Tech

The Onion Teams With Sony Music to Create Podcasts for ‘Presumably Illiterate People’

America’s finest news source is jumping on the podcast bandwagon.

The Onion, the satirical news brand owned by G/O Media, inked a partnership with Sony Music Entertainment to create original podcasts. The first project is “The Topical,” a new daily podcast (seemingly a spoof of the New York Times’ popular “The Daily”) focused on current events, which is slated to launch in January 2020.

Under the pact, the Onion will oversee all creative aspects of the podcast, including writing, production and recording. UTA represented The Onion in the agreement.

“The Onion is thrilled to have found a stalwart ally in Sony Music Entertainment to help it dominate yet another medium in the world of journalism,” Jordan LaFlure, executive editor at The Onion, said in a prepared statement. “A daily news podcast provides an opportunity for The Onion to access and inform billions of presumably illiterate people previously deprived of the finest reporting the world has ever known.”

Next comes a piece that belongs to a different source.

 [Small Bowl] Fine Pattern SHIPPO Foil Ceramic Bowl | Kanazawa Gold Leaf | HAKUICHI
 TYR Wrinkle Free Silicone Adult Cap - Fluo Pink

The Onion previously dipped its toe in the podcasting waters with “A Very Fatal Murder,” a lampoon of the true-crime genre (which is enormously popular in the podcast world). Season 2 of the series launched on Luminary earlier this year.

For Sony Music, the Onion partnership is the latest move to capitalize on the continuing surge in podcast listening. The music company teamed up earlier this year with producers Adam Davidson and Laura Mayer to form Brooklyn-based Three Uncanny Four Productions and recently announced a deal with U.K.-based producer Renay Richardson for podcast joint venture Broccoli Content.

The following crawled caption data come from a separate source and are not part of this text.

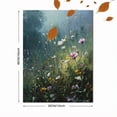 thumbnail image 3 of Wildflower Meadow Floral Oil Canvas Print, Wall Decor for Living Room Bedroom Dining Room Bathroom Office Hallway, 3 of 8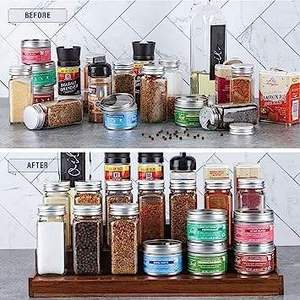 Wholesale Spice Rack Kitchenwood Spice Rack Organizer 3 Tier Free-Standing Wooden <b>Kitchen</b> <b>Storage</b> Spice Racks - Product Image 4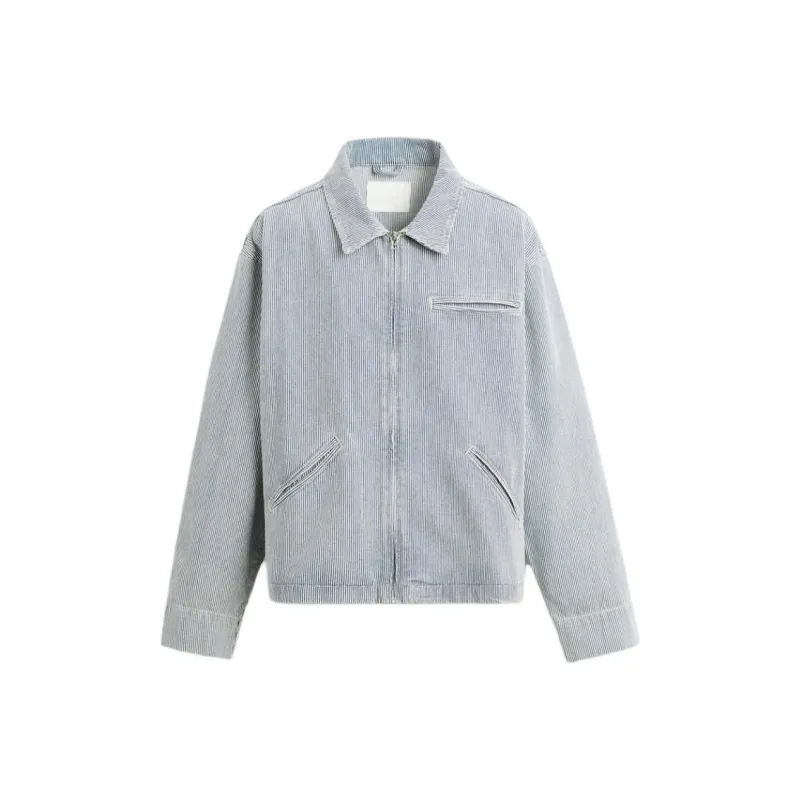 ZARA Denim Jacket Men's Stripes-0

“The Onion is synonymous with great topical and cultural satire and we are thrilled to be working with them to further expand their presence in podcasting,” said Tom Mackay, president of film and TV A&R for Sony Music.

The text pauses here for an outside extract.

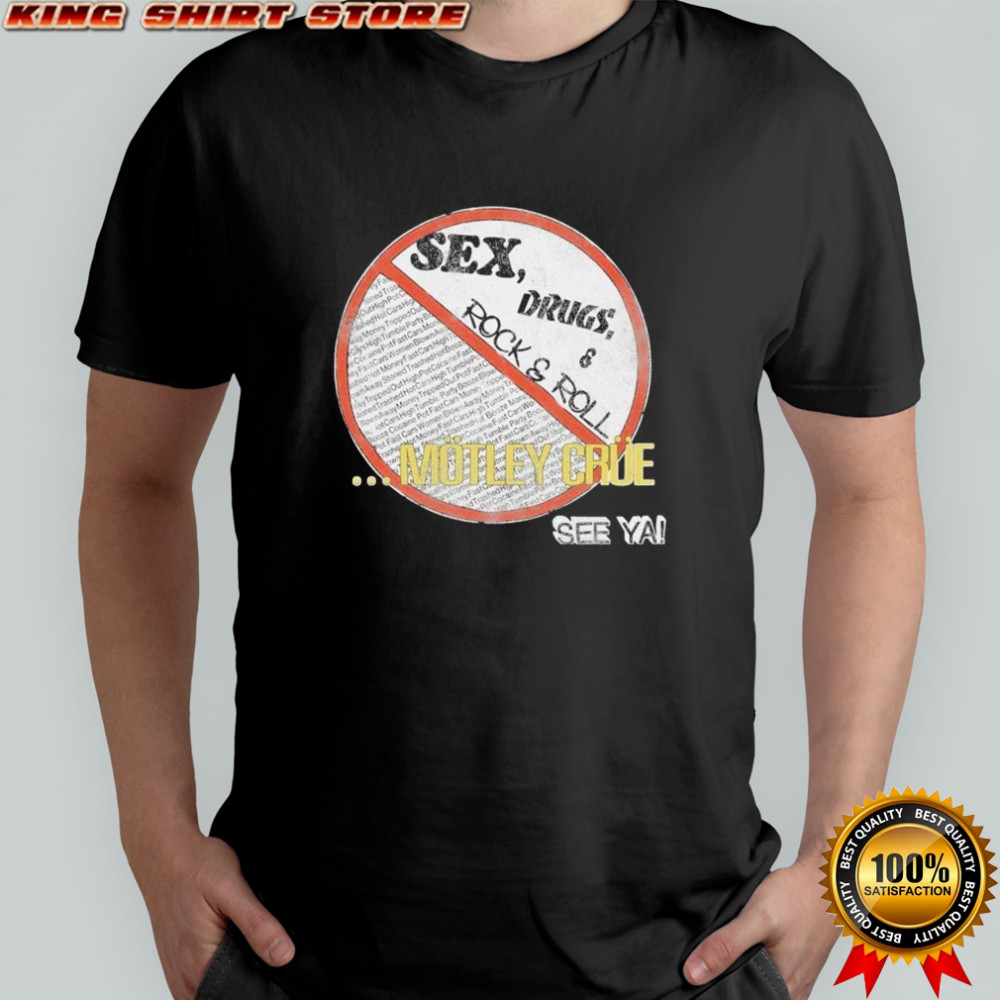 Motley Crue No Fun Tour 1984 T-shirt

Private-equity backed G/O Media bought Chicago-based Onion Inc., along with sites formerly housed under the Gizmodo Media Group, in a deal with Univision in April 2019. Employees of the acquired properties have clashed with the new owners, most publicly when the entire Deadspin editorial team quit last week in protest over G/O Media’s insistence that the site limit coverage to sports — a directive triggered by Deadspin staffers writing articles critical of the parent company.